A week ago, the owner of a furniture store in Conway, Ark., asked me, "Why don't you media people, especially the cable news, ever ask politicians what they agree on? Why is it always about disagreements?" The folks in Ellston thought that was a very good idea. It's one I'll take home. But it's also a lesson that politicians, even extremists like Bachmann, should heed: the Americans who feel most ignored these days are not the screamers. They are the solid citizens who are sick to death of pols who play to the rant.
The odd thing about the political landscape is how much the people on the left and the people on the right and the people in the middle agree on things: this nation has gotten out of control of the people, money now rules politics which means corporations now rule politics, and the rhetoric you hear from the right echoes the rhetoric you hear from the left.
The disagreements are deep, to be sure. To make the ludicrous claim that the richest one percent pay 20% of the taxes-- while they *earn* over 1000% more in income-- is pandering of the worst kind. The left has it more right than the right, to be sure. That's why I haven't abandoned my liberal principles.
But I digress...
You'd think, as weak as Obama's approval ratings make him appear, the Republicans would be six deep trying to run against him, and yet people you might expect to run, like Condoleeza Rice or Marco Rubio, remain oddly out of the spotlight.
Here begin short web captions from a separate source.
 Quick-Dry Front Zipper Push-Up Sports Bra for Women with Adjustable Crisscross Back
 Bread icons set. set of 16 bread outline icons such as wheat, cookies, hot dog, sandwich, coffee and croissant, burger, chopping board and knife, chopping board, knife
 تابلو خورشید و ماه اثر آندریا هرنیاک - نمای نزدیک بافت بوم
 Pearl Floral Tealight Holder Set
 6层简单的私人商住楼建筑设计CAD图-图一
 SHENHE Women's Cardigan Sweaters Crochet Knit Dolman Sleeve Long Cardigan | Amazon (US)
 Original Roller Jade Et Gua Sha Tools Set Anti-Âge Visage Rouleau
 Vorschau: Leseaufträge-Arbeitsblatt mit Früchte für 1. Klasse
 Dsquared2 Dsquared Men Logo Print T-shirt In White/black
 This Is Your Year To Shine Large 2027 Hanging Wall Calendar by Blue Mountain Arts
One has to wonder why. My guess would be the volatile nature of the GOP voting base: there's a power struggle going on. One thing Republicans hae always been very very good at is keeping internal discipline even when the walls are crumbling. It happened during the last years of the Bush administration. You never heard about how Bush was a liberal until after he'd left office.
You won't hear about this split until it cleaves the party in two. You're starting to see signs of this: Jim Jeffords was a pioneer, of course, but David Frum has all but abandoned the GOP, Lamar Alexander has resigned what leadership posts he holds in the Senate, and now the long-time head of the Florida Republican party is leaving to take a consulting job. The rats, such as they are, are abandoning ship.
2012 could see a GOP decimated by internal strife and proven deadly wrong on so many of their cherished beliefs (as expressed in the primary run) that they'll be lucky to hold onto the House.